When a user logs on to a domain where a trust relationship is set up, the account is verified by pass-through authentication. Pass-through authentication makes it possible for users to log on to domains in which they have no account. In other words, a user can have an account on only one domain yet still access the entire network including all its trusted domains.

User Accounts

All Microsoft Exchange Server mailboxes are associated with one or more Windows NT user accounts. For a user to log on to a Microsoft Exchange Server computer, the domain where the server is located must have a trust relationship with the domain that has the user account. For example, a user can view the contents of a public folder on a Microsoft Exchange Server computer in another domain if that domain contains the user account or has a trust relationship with another domain that contains the account.

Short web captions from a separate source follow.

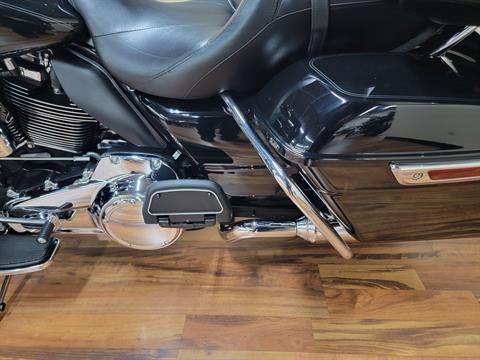 2018 Harley-Davidson Electra Glide® Ultra Classic® in Monroe, Michigan - Photo 15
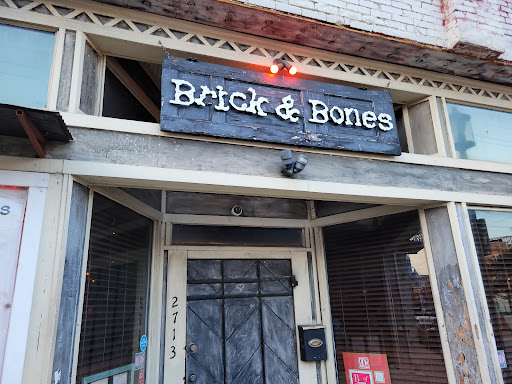 Brick & Bones - Visual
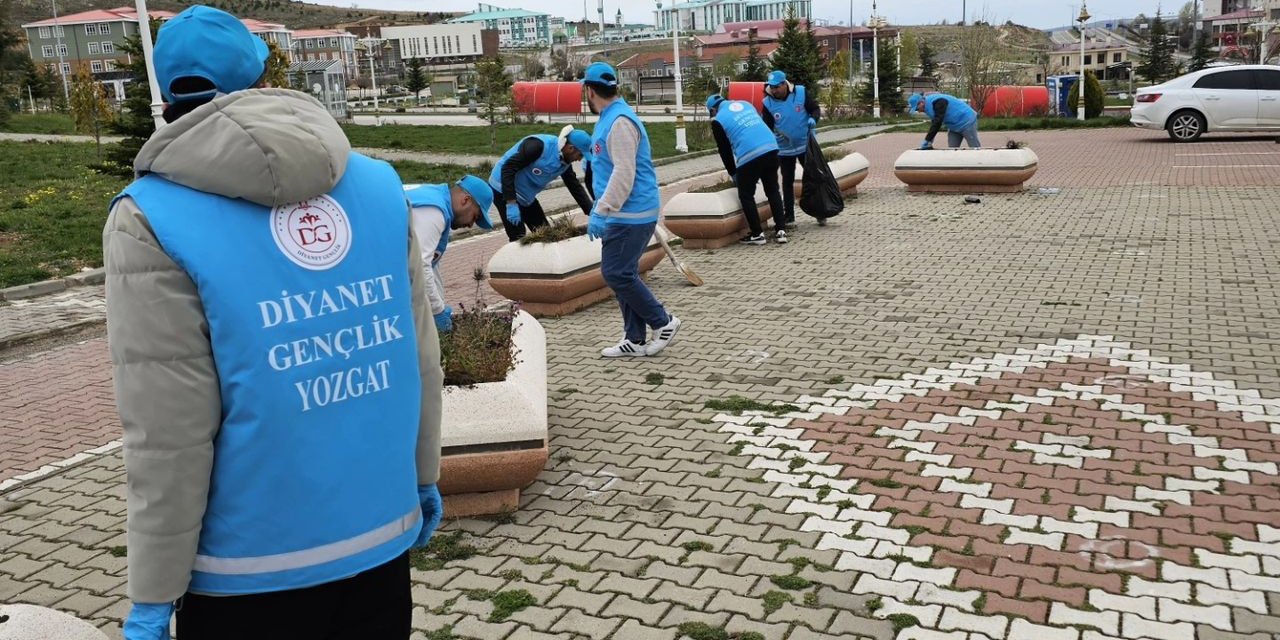 Yozgat'ta gençler kolları sıvadı! Sahaya inerek gönüllere dokundular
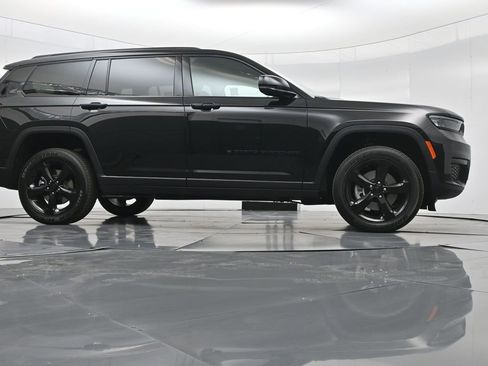 New 2025 Jeep Grand Cherokee L Altitude image 49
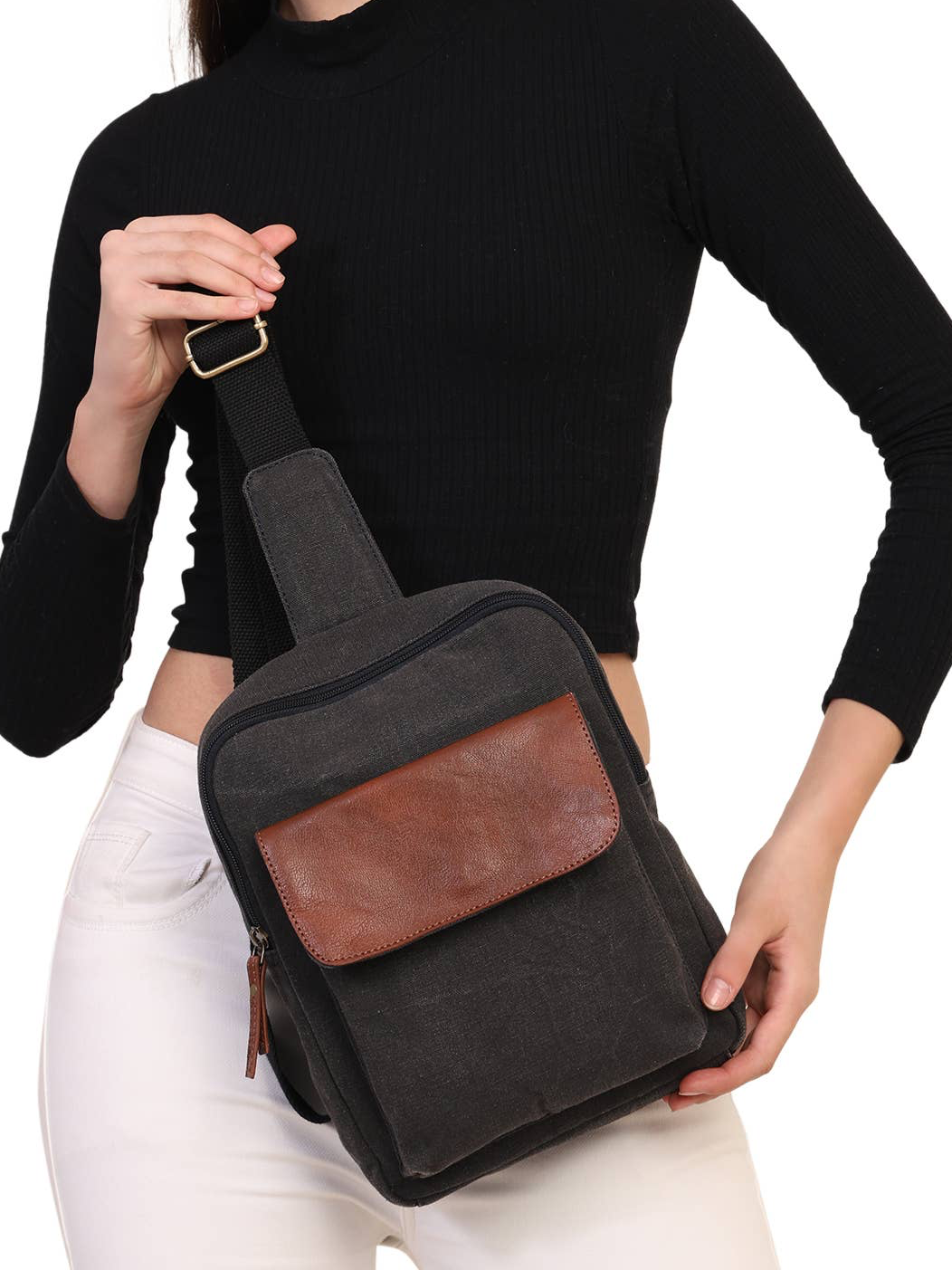 EXPLORER CROSSBODY PURSE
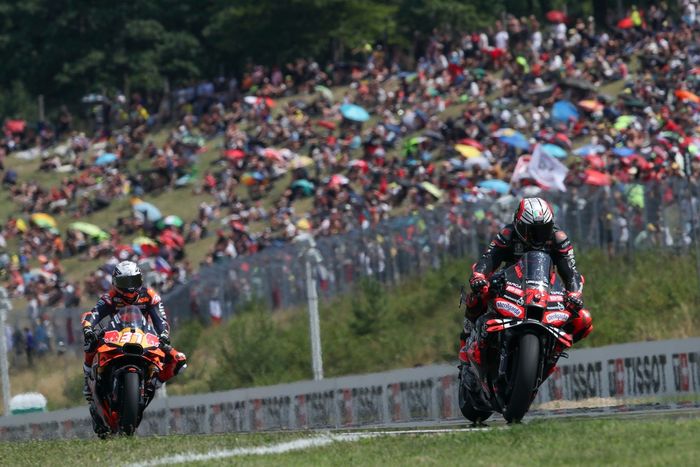 Marco Bezzecchi, Aprilia Racing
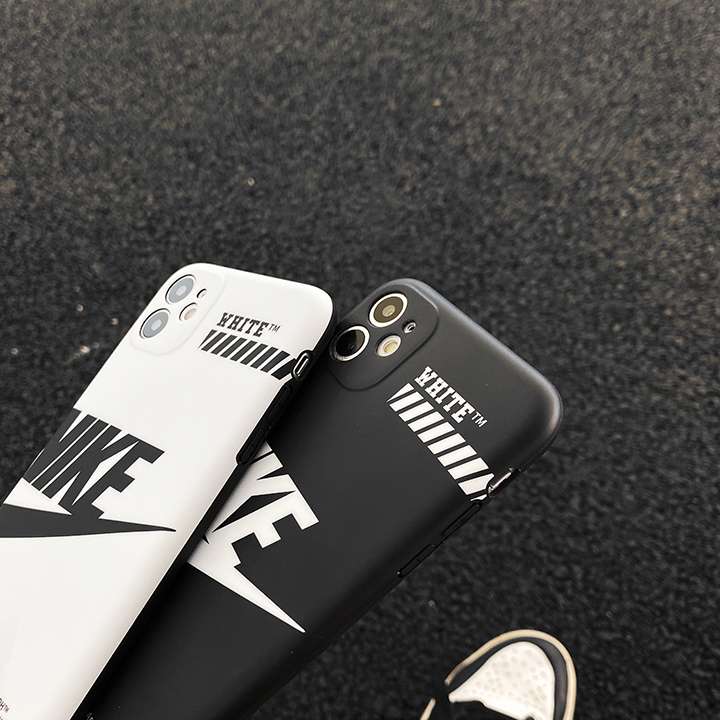 iPhone12promax 偽物 Nikeスマホカバー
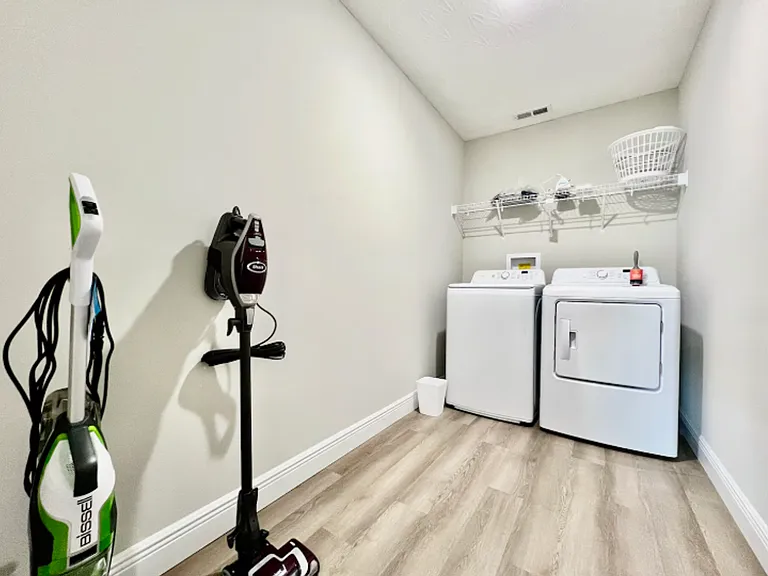 121 Southwind Blvd — Photo 11
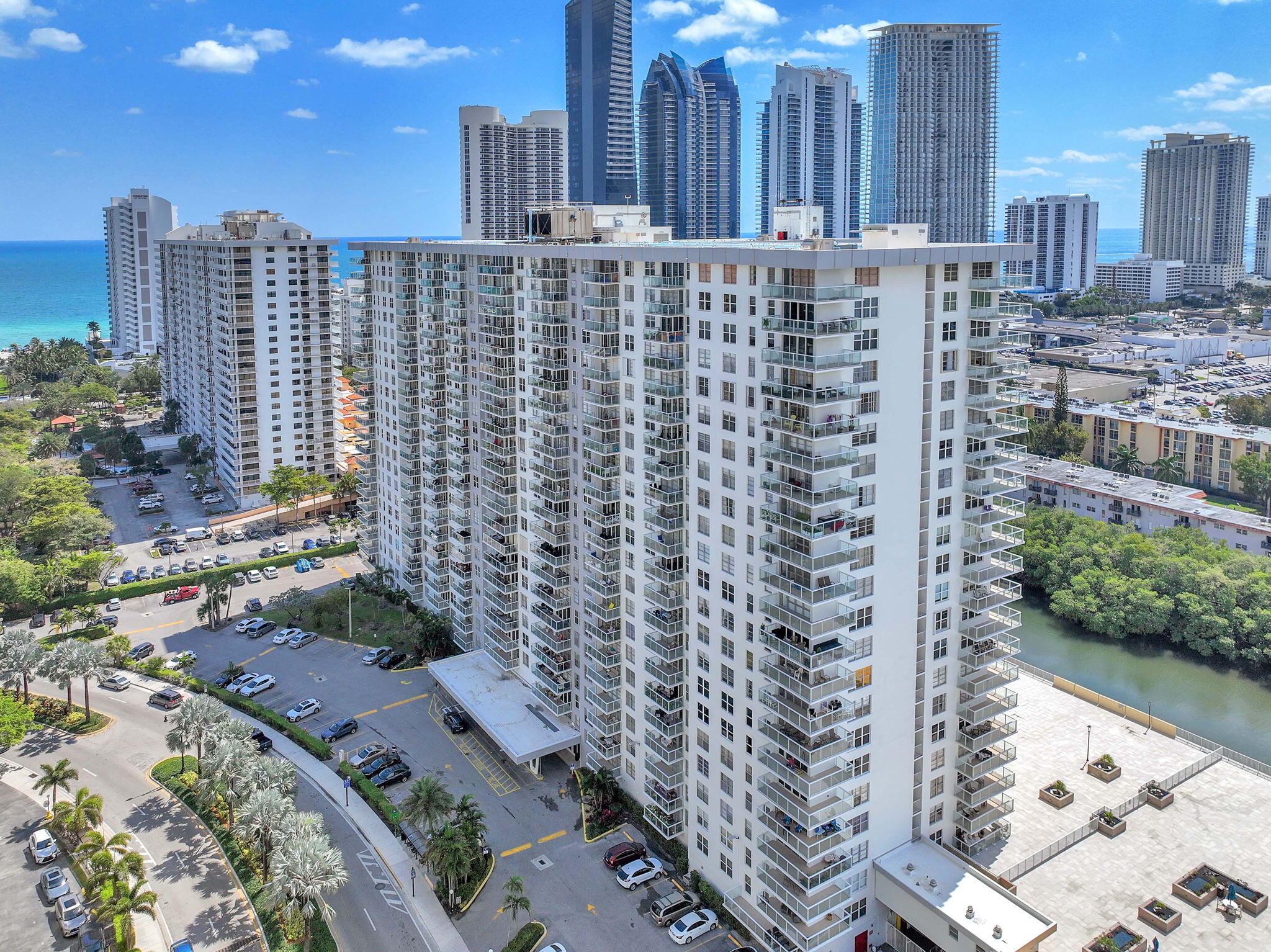 image Winston Towers 30033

Windows NT user accounts are stored and maintained on the primary domain controller of a domain. You can create two types of user accounts: global and local. Most accounts are global user accounts.

Groups

You can organize user accounts into groups, which makes granting permissions easier. You only have to perform one action to give permissions to a whole group of users. For example, if a group of administrative assistants needs to access the same mailbox, you can define a group called Admin Assistants and create a mailbox called Assistants. You can then give the Admin Assistants group permission to use the Assistants mailbox so that every time users in the group logged on to Windows NT Server, they could access their mailbox.

Windows NT provides built-in global and local groups, and the ability to customize them. Adding a user to a predefined group provides the user with all the access rights of that group. Changing the access rights of the group automatically changes the rights of all group members. You should use built-in groups whenever possible. For more information about Windows NT groups, see your Windows NT Server documentation.

Service Accounts

Microsoft Exchange Server includes a variety of services, such as the information store and the message transfer agent (MTA). Before you install Microsoft Exchange Server on the first server in a site, you need to create a Windows NT user account that Microsoft Exchange Server will use to start and run these services. This is called a service account. Microsoft Exchange Server computers use the service account to validate other servers in the site and give them access to Microsoft Exchange Server services. For example, for an MTA on one Microsoft Exchange Server computer to interact with another MTA, Windows NT Server must verify the security context of the requesting MTA.

A Microsoft Exchange Server computer doesn't need to be in the same domain as the service account, provided that the domain has a trust relationship with the domain containing the service account. However, all Microsoft Exchange Server computers in the same site must use the same service account to communicate with each other.